両者一歩も引かず荒れる話し合い
そこからの話し合いは荒れに荒れた。
「親の意向を分かってて無視するのか?」
「遺言書の有効性なんて些細な問題だろ!」
と声を荒らげる信人さん。対する裕美さんも一歩も引かない。
「お兄ちゃんはお金に困ってないじゃない!」
「完成してない遺言書なんてないのと一緒じゃん!」
両者とも声を荒らげて意見を押し付け合う。声を抑えて冷静に話し合えている場面もあるがすぐにヒートアップする。もともと私は松井さんにお世話になっていた。2人とは行政書士の資格を取得する前から地域のつながりで親交がある。長年付き合いがあるが、ここまで鬼の形相になる2人は見たことがなく本当に驚いた。
彼らに仲裁役として頼まれて間に入り、プライベートで何度か話し合いに同席したが全くの平行線で話の進まない日々が続いていた。
かつて関係良好だった2人は今や……
最終的に信人さんと裕美さんは平等に5:5で遺産を分け合うことでまとまった。裕美さんの家庭が抱える金銭的な事情を加味してとのことだった。
結局、松井さんの作成された自筆証書遺言は無効なもので意味をなさなかった。むしろ争いの火種となっただけの結果になってしまった。
自筆証書遺言は手書きで作らなければならない。例外的に財産の一覧を記載する財産目録のみ、手書きでないことを許されているに過ぎない。
すべてを自署して作成して最後に押印までしてようやく完成である。手書きでない部分があったり、押印もされていなかったりするものは無効な遺言書となってしまう。
遺言書を作成する場合、多くの場合は自筆証書遺言となるだろう。
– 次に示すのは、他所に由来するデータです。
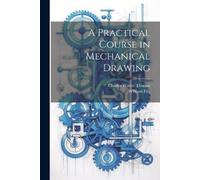 William Fox Charles Walter Tho A Practical Course in Mechanical Draw (Tascabile)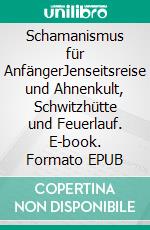 Schamanismus für AnfängerJenseitsreise und Ahnenkult, Schwitzhütte und Feuerlauf. E-book. Formato EPUB ebook di Harry Eilenstein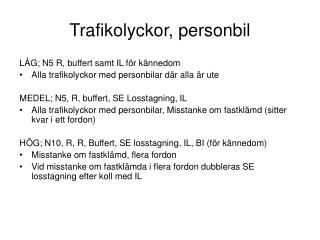 Trafikolyckor, personbil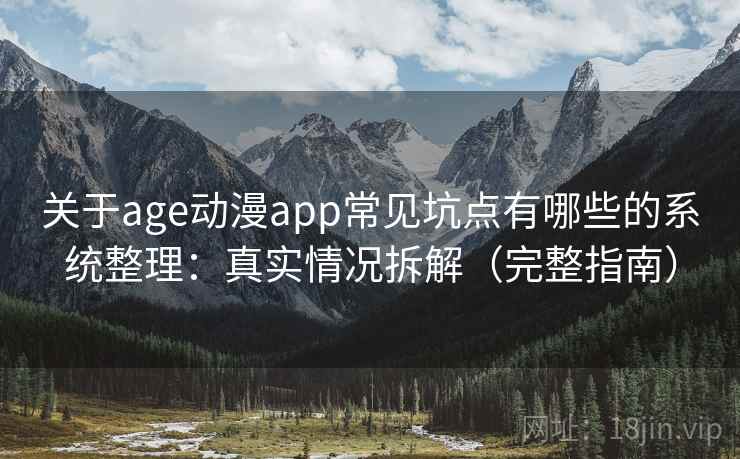 关于age动漫app常见坑点有哪些的系统整理：真实情况拆解（完整指南）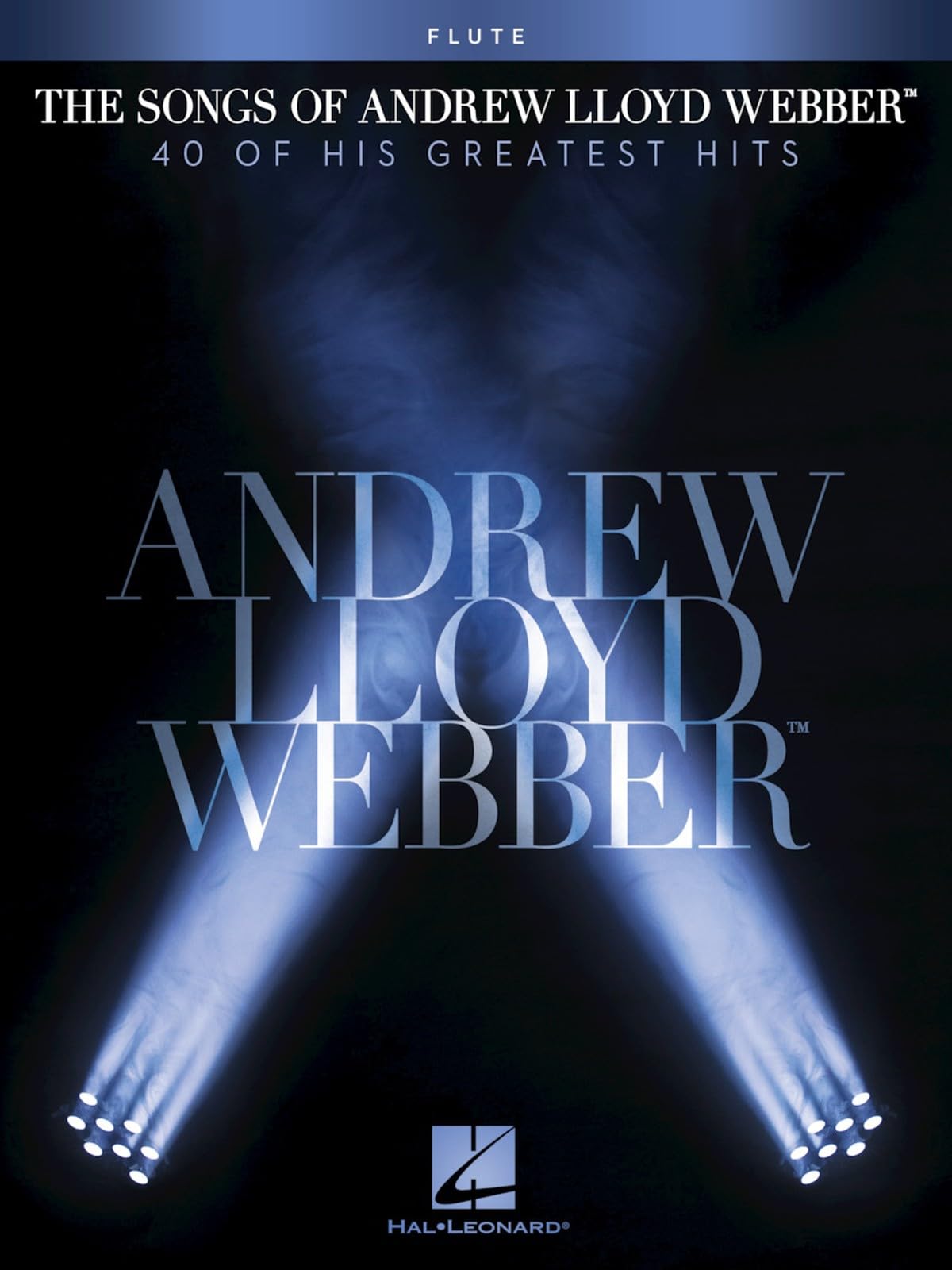 The Songs of Andrew Lloyd Webber by Andrew Lloyd Webber - 9781476813981
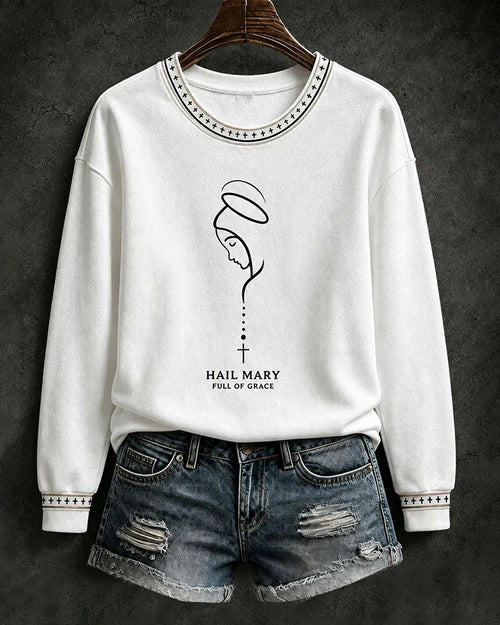 Women's Hail Mary Full Of Grace Round Neck Sweatshirt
自筆証書遺言は簡単に作成できる。だが、手書きでないという1点のみをもって簡単に無効となり、遺言書として成立しない。
あれ以来、信人さんと裕美さんは疎遠となってしまった。数年たった今でも疎遠のままだという。おそらく関係の修復にはかなりの時間がかかる。
このように、遺言書が存在してもそれが無効とあれば今回の松井さん一家のようにトラブルが起きて悲しい結果に終わることになりかねない。自筆証書遺言を作るのであれば、手書きでなくとも許されるのは財産目録のみ。このことをしっかりと頭に入れておこう。遺言書はときに遺族の関係性を大きく変えてしまうこともあるのだから。